Records from a data collection:
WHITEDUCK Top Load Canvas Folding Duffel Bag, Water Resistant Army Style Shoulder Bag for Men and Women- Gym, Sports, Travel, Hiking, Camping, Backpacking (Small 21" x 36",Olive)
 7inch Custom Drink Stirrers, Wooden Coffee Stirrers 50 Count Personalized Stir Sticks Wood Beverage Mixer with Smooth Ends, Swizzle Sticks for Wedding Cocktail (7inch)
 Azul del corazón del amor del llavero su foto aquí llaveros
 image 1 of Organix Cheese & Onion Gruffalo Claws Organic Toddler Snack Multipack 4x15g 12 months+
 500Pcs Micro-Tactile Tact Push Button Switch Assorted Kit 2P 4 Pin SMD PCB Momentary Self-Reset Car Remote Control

> [EXERCISE BRIEF]:
Please restate the preceding entries word for word.

> [OUTPUT OF THE EXERCISE]:
WHITEDUCK Top Load Canvas Folding Duffel Bag, Water Resistant Army Style Shoulder Bag for Men and Women- Gym, Sports, Travel, Hiking, Camping, Backpacking (Small 21" x 36",Olive)
 7inch Custom Drink Stirrers, Wooden Coffee Stirrers 50 Count Personalized Stir Sticks Wood Beverage Mixer with Smooth Ends, Swizzle Sticks for Wedding Cocktail (7inch)
 Azul del corazón del amor del llavero su foto aquí llaveros
 image 1 of Organix Cheese & Onion Gruffalo Claws Organic Toddler Snack Multipack 4x15g 12 months+
 500Pcs Micro-Tactile Tact Push Button Switch Assorted Kit 2P 4 Pin SMD PCB Momentary Self-Reset Car Remote Control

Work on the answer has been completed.